Elafin, on the other hand, is a natural molecule that you have shown to be anti-inflammatory. What are the therapeutic horizons for this discovery?
Elafin could be a promising treatment for inflammatory bowel disease. Elafin inhibits the action of elastases, a family of intestinal proteases, but its concentration is particularly low among patients with these diseases. As a result, elastases reduce the protection normally provided by the intestinal mucosa. They increase intestinal permeability and impair the barrier function of the epithelium, which promotes activation of the immune system and inflammation. We are currently developing a new therapeutic approach: the most attractive option is introducing the human elafin gene into a food-grade bacterium so that the protein can be delivered directly to where the bowel lesions are located. The manufacturing process is currently being fine-tuned in partnership with a company: the lactic acid bacteria that we have selected, which is usually present in dairy products, is genetically modified in order to produce elafin. The bacteria are further modified so that their lifespan does not exceed transit time, and so they cannot survive outside the intestine.

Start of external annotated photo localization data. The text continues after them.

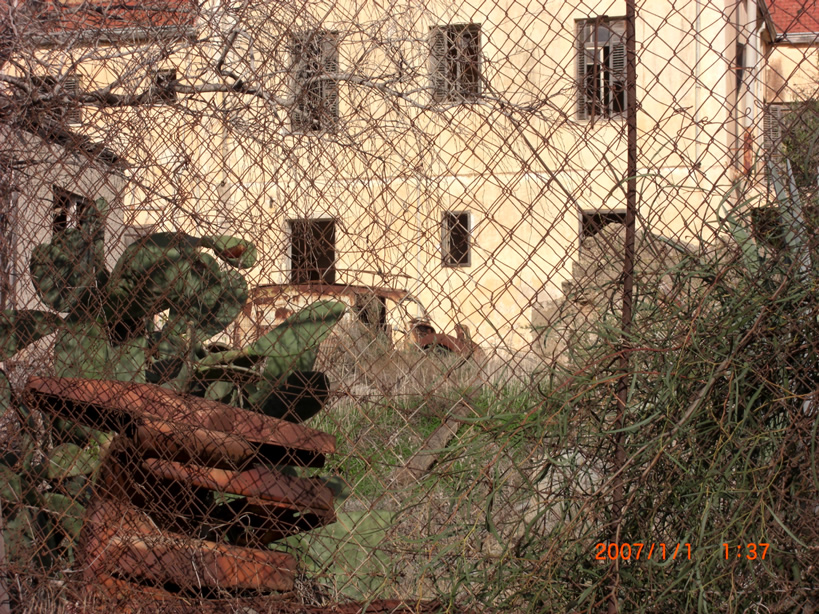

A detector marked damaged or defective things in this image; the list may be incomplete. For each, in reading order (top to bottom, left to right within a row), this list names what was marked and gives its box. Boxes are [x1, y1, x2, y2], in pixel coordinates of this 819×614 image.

rusted iron [25, 376, 334, 466]
rusted iron [80, 500, 296, 596]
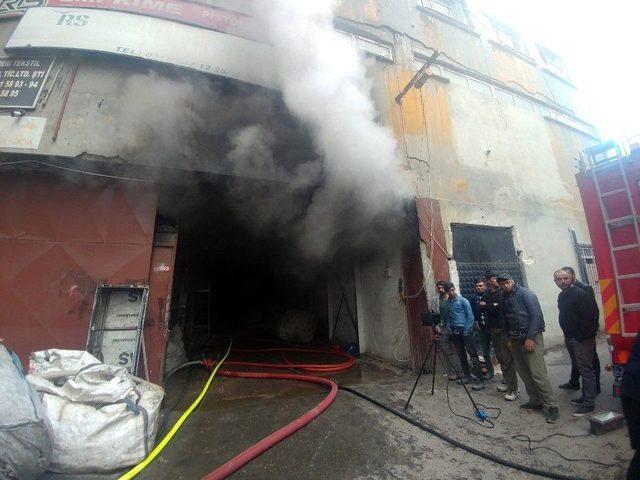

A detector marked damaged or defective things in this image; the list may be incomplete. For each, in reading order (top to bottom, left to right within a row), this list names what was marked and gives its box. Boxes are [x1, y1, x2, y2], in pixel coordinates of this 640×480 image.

damaged facade [1, 0, 600, 378]
charred doorway [450, 225, 524, 296]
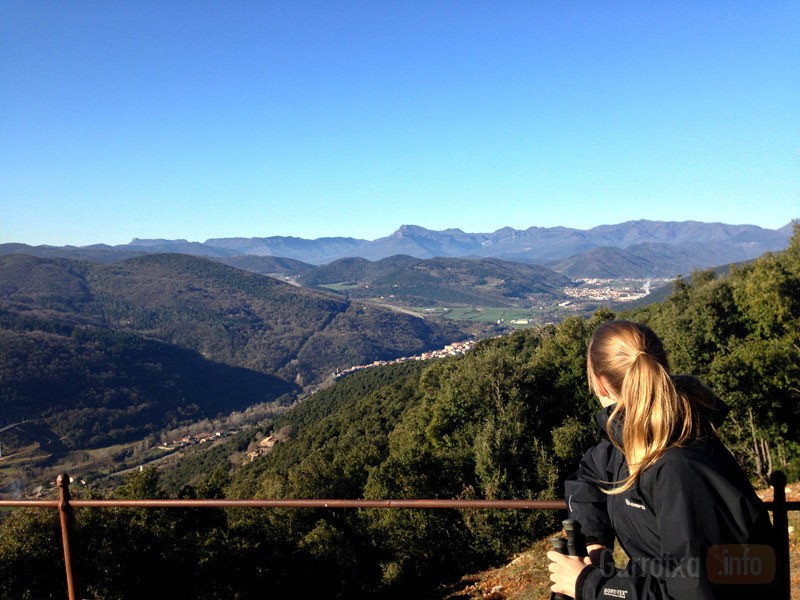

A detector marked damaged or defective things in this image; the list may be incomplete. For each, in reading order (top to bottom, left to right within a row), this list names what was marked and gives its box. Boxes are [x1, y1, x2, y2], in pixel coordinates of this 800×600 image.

rusty metal railing [0, 472, 796, 596]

How has European funding contributed to the progress of this work?
ERC funding has sped up our rate of discovery by enabling our laboratory to grow from 3 to 9 researchers and clinicians. In this way we have strengthened our skills and broadened our research, moving in particular into the field of cancer. The funding has also springboarded recognition of our work, which has snowballed: other teams have joined us, allowing us to gradually build the Digestive Health Research Institute, which now has over 100 members. We now form an organization with expertise in the intestines and liver, bringing together a multidisciplinary skill-set (in microbiology, physiology, pharmacology, genetics, and neuroimmunology) that is unique in France.